## WORK TASK
Set out exactly, line by line, the stretch of data below that begins at the line containing "Autumn Bless リボン付きパフスリーブコットンシャツ" and ends at the line containing "Three-Rex Invitation, Editable", with both ends kept.

## DATA IN THIS EXERCISE
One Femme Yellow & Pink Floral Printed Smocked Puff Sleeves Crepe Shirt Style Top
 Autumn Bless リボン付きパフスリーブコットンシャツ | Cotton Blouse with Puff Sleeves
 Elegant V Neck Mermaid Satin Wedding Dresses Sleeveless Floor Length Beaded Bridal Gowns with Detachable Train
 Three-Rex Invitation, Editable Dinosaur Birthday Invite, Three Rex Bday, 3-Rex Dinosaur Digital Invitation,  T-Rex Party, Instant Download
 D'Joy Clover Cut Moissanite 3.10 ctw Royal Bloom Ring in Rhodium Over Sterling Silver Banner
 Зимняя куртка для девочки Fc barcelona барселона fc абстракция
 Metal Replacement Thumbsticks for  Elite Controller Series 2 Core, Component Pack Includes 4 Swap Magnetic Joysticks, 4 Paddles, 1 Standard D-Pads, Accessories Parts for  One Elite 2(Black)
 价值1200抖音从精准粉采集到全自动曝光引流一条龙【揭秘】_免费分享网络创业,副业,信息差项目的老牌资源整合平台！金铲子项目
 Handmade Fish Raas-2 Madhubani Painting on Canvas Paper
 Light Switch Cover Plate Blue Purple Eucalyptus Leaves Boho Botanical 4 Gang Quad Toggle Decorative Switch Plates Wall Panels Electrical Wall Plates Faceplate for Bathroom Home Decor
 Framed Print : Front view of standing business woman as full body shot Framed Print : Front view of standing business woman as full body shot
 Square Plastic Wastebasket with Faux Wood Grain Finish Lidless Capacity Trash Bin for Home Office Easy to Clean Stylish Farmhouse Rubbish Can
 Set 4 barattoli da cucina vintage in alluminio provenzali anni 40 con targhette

## RESULT
 Autumn Bless リボン付きパフスリーブコットンシャツ | Cotton Blouse with Puff Sleeves
 Elegant V Neck Mermaid Satin Wedding Dresses Sleeveless Floor Length Beaded Bridal Gowns with Detachable Train
 Three-Rex Invitation, Editable Dinosaur Birthday Invite, Three Rex Bday, 3-Rex Dinosaur Digital Invitation,  T-Rex Party, Instant Download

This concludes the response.